Every record below must come back exactly as given.

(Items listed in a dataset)
= Beginning of Section =

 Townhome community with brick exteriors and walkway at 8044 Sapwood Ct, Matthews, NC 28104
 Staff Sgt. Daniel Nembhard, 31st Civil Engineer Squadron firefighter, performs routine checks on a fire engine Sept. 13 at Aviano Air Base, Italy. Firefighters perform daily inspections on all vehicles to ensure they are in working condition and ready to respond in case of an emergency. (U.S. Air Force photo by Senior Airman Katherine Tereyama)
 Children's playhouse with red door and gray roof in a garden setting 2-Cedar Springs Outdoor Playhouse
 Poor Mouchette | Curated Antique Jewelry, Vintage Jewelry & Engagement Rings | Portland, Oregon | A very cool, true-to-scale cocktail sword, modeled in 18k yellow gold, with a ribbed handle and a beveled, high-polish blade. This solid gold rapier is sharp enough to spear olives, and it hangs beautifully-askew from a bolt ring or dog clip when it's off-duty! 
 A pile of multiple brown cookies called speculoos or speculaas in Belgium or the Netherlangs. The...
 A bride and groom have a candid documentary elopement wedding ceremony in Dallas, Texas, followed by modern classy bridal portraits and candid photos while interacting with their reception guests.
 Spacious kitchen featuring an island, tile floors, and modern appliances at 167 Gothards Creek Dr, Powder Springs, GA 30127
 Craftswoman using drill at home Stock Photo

= End of Section =

Task answer:
 Townhome community with brick exteriors and walkway at 8044 Sapwood Ct, Matthews, NC 28104
 Staff Sgt. Daniel Nembhard, 31st Civil Engineer Squadron firefighter, performs routine checks on a fire engine Sept. 13 at Aviano Air Base, Italy. Firefighters perform daily inspections on all vehicles to ensure they are in working condition and ready to respond in case of an emergency. (U.S. Air Force photo by Senior Airman Katherine Tereyama)
 Children's playhouse with red door and gray roof in a garden setting 2-Cedar Springs Outdoor Playhouse
 Poor Mouchette | Curated Antique Jewelry, Vintage Jewelry & Engagement Rings | Portland, Oregon | A very cool, true-to-scale cocktail sword, modeled in 18k yellow gold, with a ribbed handle and a beveled, high-polish blade. This solid gold rapier is sharp enough to spear olives, and it hangs beautifully-askew from a bolt ring or dog clip when it's off-duty! 
 A pile of multiple brown cookies called speculoos or speculaas in Belgium or the Netherlangs. The...
 A bride and groom have a candid documentary elopement wedding ceremony in Dallas, Texas, followed by modern classy bridal portraits and candid photos while interacting with their reception guests.
 Spacious kitchen featuring an island, tile floors, and modern appliances at 167 Gothards Creek Dr, Powder Springs, GA 30127
 Craftswoman using drill at home Stock Photo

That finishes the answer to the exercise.